Fruit: 3 servings per day - 1 apple, 4 apricots, half a banana, 13 cherries, 17 grapes, 11/2 kiwis, 1 nectarine, 1 orange, 1 peach, 2 plums, 3 prunes, 2 tablespoons raisins.
Dairy: 2 servings per day - 1 cup/250ml skimmed milk, 1 large egg, 1 oz/25g hard cheese, 4oz/100g cottage cheese, 125ml yoghurt.
Meat: Optional, but don't have more than 12oz of poultry and seafood (roughly two chicken or fish fillets) per week.
A typical day's food would be:
Breakfast(about 400 calories):
2 servings of wholegrain starch.
1-2 servings of fat (eg nuts and nut butters).
1 serving of deep-coloured fruit.
Optional: One or two servings of dairy and any amount of vegetables.
Lunch (500-600 calories):
2 servings wholegrain starch or beans.
2 servings of vegetables.
1-2 tbsps extra virgin olive oil.
1-2 servings of fruit (preferably deep-coloured). Optional: Cheese, egg, nuts (substitute for olive oil), some of your meat, poultry, or seafood allowance.
Dinner (500-600 calories):
3-4 servings of wholegrain starch or beans.
2 or more servings of vegetables.
1-2 tbsp extra virgin olive oil.
1 serving of fruit (preferably deep-coloured). Optional: Cheese, some of your meat, poultry, or seafood allowance.
Vegetables with deeper colour contain more carotenoids, linked to lower breast cancer risk. Broccoli, carrots, peppers, spinach, beetroot, tomatoes and pumpkin are particularly rich in carotenoids.
Cucumber, okra, spinach, sweet potato, processed tomatoes, green peppers, radishes, courgettes and broccoli all contain salicylic acid, an anti-inflammatory thought to lower breast cancer risk.
Most fruits are high in the anti-inflammatory agent, salicylic acid. The deeper the colour of the fruit, the more abundant the carotenoids - and the better it is for you.
Apricots, berries, and citrus fruits are also rich in antioxidants.

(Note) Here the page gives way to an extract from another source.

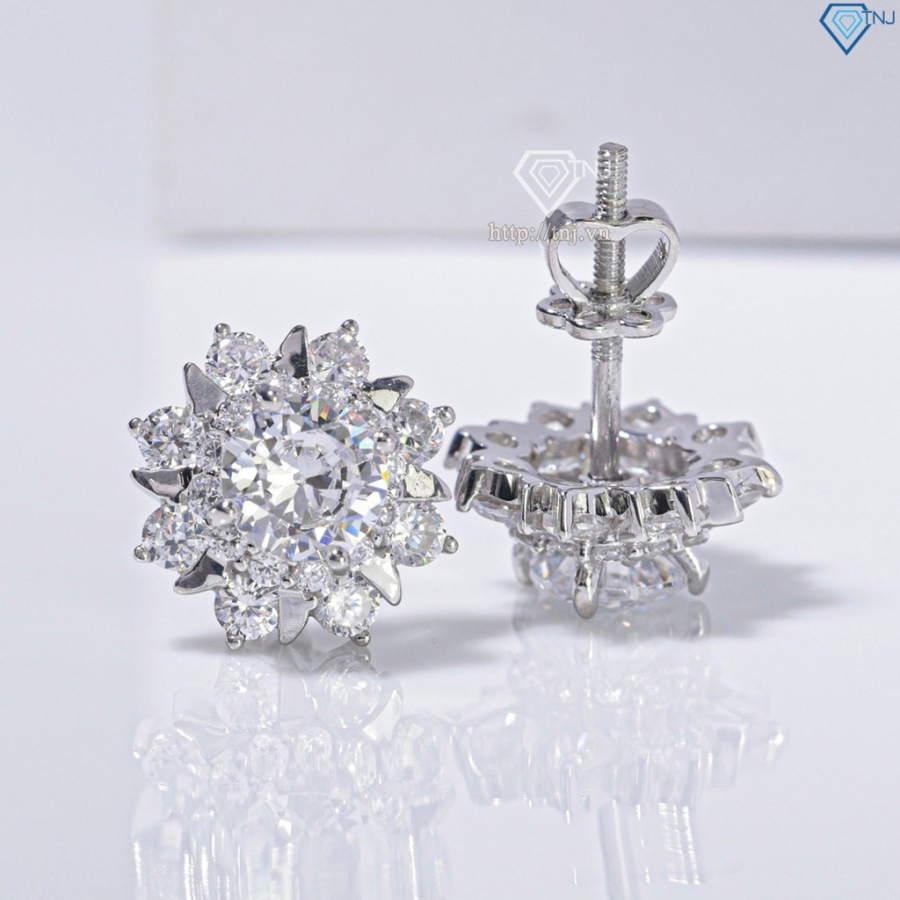 Bông tai bạc nữ cao cấp đính đá xi kim chốt ren BTNXK0020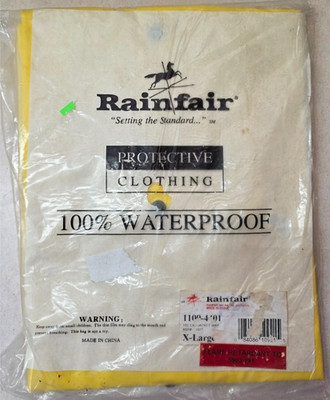 Rainfair Protective Clothing Waterproof XL Yellow  Flame Retardant Jacket W/FF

Milk is unlikely to increase cancer risk, but you might want to substitute with soya milk, which has been linked with anti cancer properties. Avoid soy if you are taking the anti-cancer drug Tamoxifen, though, because it interferes with its absorption.
What to avoid:
Meat: Meat contains amino acids that stimulate insulin - and high insulin levels have been linked to breast cancer. Amino acids can also be converted in our bodies to homocysteine, a compound linked to disease-causing inflammation.
You should particularly avoid cured meats, such as ham or salami, which contain carcinogenic sodium nitrates.
Oily Fish: "Studies show that just adding omega-3s (found in fish oil) to your diet will not make you healthier; nor do they protect against cancer," she said.
So avoid margarine and vegetable oils such as sunflower or corn oil.